Mark does that mean she is safe? My offer still stands to help with boarding.
Doreen


----------



## ShepherdMania (Jun 17, 2008)

I haven't officially committed to her yet. Laura had already planned on taking her tomorrow.

We are also trying to figure out if there is any transport available as she is in MO.


----------



## Daisy1986 (Jul 9, 2008)

I PM'd myamom....I want to help if I can.
I am in MO, I have never heard of this part of MO. 
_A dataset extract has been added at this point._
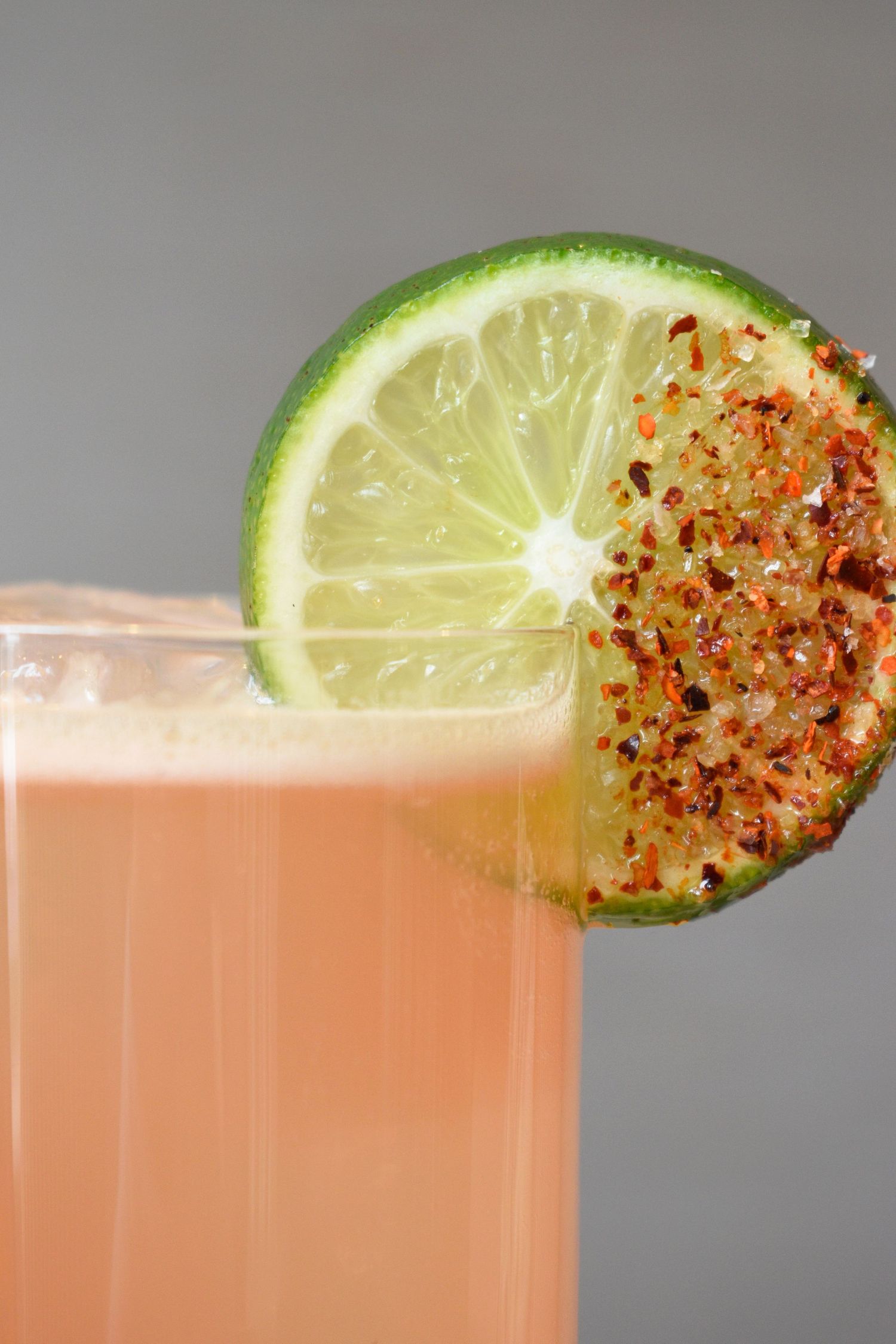 A pink cocktail garnished with a lime slice coated in red chili flakes on the rim of the glass.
Please PM me if there is something I can do.


----------



## Renoman (Apr 10, 2009)

bump for this puppy


----------



## Daisy1986 (Jul 9, 2008)

Any word? Is she at least safe??


----------



## kathyb (May 16, 2007)

Any word on this pup?


----------



## ShepherdMania (Jun 17, 2008)

I haven't heard back from Laura. I will email her now.


----------



## skyizzy (Apr 15, 2008)

bump


----------



## skyizzy (Apr 15, 2008)

bump


----------



## skyizzy (Apr 15, 2008)

bump


----------



## sravictor (Mar 17, 2008)

Bump?


----------



## Prinzsalpha (Jul 6, 2005)

Did Brightstar take this one?


----------



## skyizzy (Apr 15, 2008)

bump


----------



## Daisy1986 (Jul 9, 2008)

Any news?


----------



## ShepherdMania (Jun 17, 2008)

I received this from Laura:

_She is at my house...in quarantine and being treated for Sarcoptic mange..she is a sweet heart of a girl..wants to play with me and my dogs...she is wonderful...and will be a terrific pet.She is going to a rescue in PA...thank you for asking and caring. _

And she is HW-!


----------



## skyizzy (Apr 15, 2008)

Oh thats great news!!


----------